Links for 3 October 2011

Posted on October 3, 2011

I read an awful lot online and have a few places where I stash notable things – Instapaper, Delicious, Google Reader starred items, YouTube favourites and a particularly link-heavy Twitter account (not my personal one). Once a month I’m going to pull out some of those items and link to them from here. So here we go…

I’ll start with Ben Hammersley’s speech to the IAAC, in which he set out a few facts (Moore’s law, the Internet as the dominant platform for C21 life and technology changing our expectations of each other), explaining why older members of the establishment might be “so deeply confused by the present”.

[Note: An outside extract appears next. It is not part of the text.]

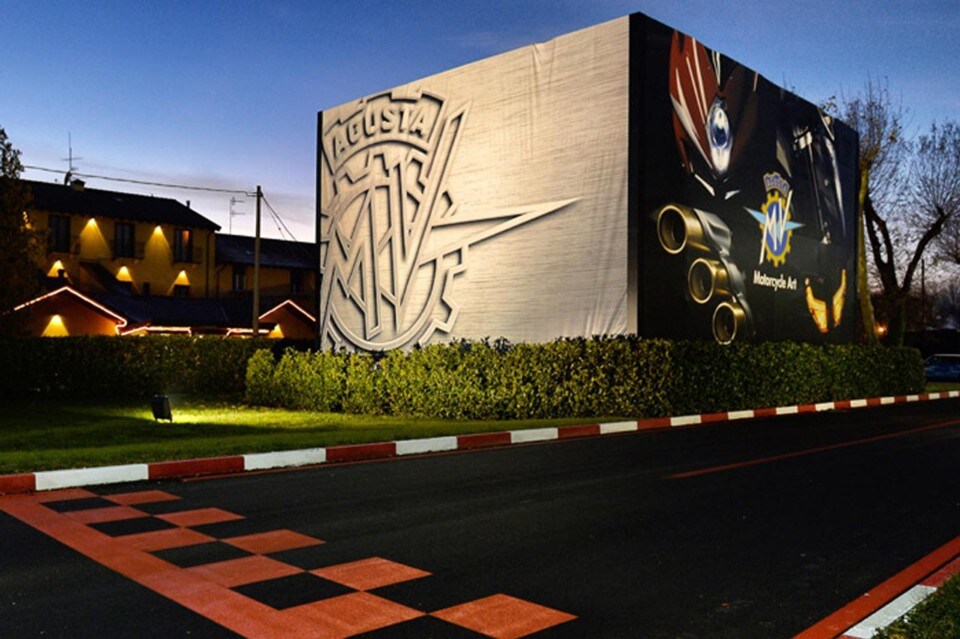 MV Agusta si ristruttura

Then there was Adrian Short’s post, ‘It’s the end of the web as we know it‘:

You can turn your back on the social networks that matter in your field and be free and independent running your own site on your own domain. But increasingly that freedom is just the freedom to be ignored, the freedom to starve

‘Spreadable media’ is a topic we may be hearing more about over the next little while. It’s a theory that describes the potential for media to move around a networked society. It’s:

an emerging hybrid model, where a mix of top-down and bottom-up forces determine how material is shared across and among cultures in far more participatory (and messier) ways

Backing up the theory, see Paulo Coelho in the Wall Street Journal and New York Times.

Arts/digital links

We found out which projects have been awarded funding from the Digital R&D Fund for Arts and Culture. Some look interesting, some not so much, although we don’t know too much about the projects yet. Congrats to all who were successful.

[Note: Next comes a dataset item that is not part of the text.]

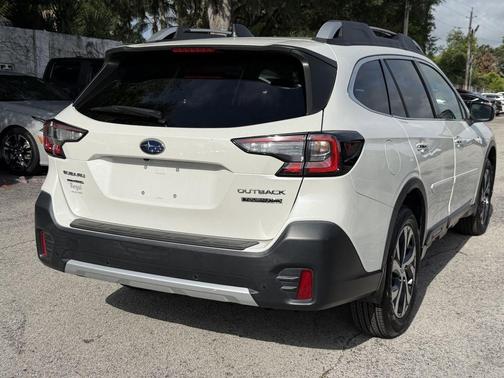 Crystal White Pearl 2021 Subaru Outback Touring XT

Devon Smith wrote up some notes from a session that brought Gary Vaynerchuck and representatives of Facebook, Twitter, Tumblr and Foursquare to address arts organisations. From Gary Vee:

Social media isn’t a concept, it’s the deciding factor between whether you’re still going to be in business or not five years from now

Devon’s post on arts incubator schemes is worth a read too. As is John Coburn’s contribution to the MuseumNext blog, Understanding Compelling Collections, in which he talks about whihc museum collections are best suited to online sharing and conversation.

Kasabi (an information marketplace from Talis) organised a culture hack day and Unthinkable Consulting have blogged lots of good links from a session called ‘Delivering Great Digital Experiences’ that they ran for the BBC.

Three posts about the Internet’s effect on traditional business models:

  • The books business: Great digital expectations | The Economist - A standard-ish ‘state of the book market’ affair, but I hadn’t considered this (and wonder how much of a problem it really is): “Perhaps the biggest problem, though, is the gradual disappearance of the shop window. Brian Murray, chief executive of HarperCollins, points out that a film may be released with more than $100m of marketing behind it. Music singles often receive radio promotion. Publishers, on the other hand, rely heavily on bookstores to bring new releases to customers’ attention and to steer them to books that they might not have considered buying”
  • Frieze Magazine – Down the Line - “A second reason for the slow response is that, unlike other industries, such as music and publishing, the art world wasn’t forced to react to cultural shifts wrought by the Internet because its economic model wasn’t devastated by them. […] The principles that keep the visual arts economy running – scarcity, objecthood and value conferred by authority figures such as curators and critics – make it less vulnerable to piracy and democratized media
  • Are digital movies pushing smaller theaters and drive-ins to the brink? - Good piece on how smaller cinemas are being affected by massive savings in digital distribution

Other links:

Some apps and services

Finally

Hennessy Youngman gave a talk at the Museum of Contemporary Art in Chicago and was interesting, thoughtful and entertaining. Museum conference organisers take note.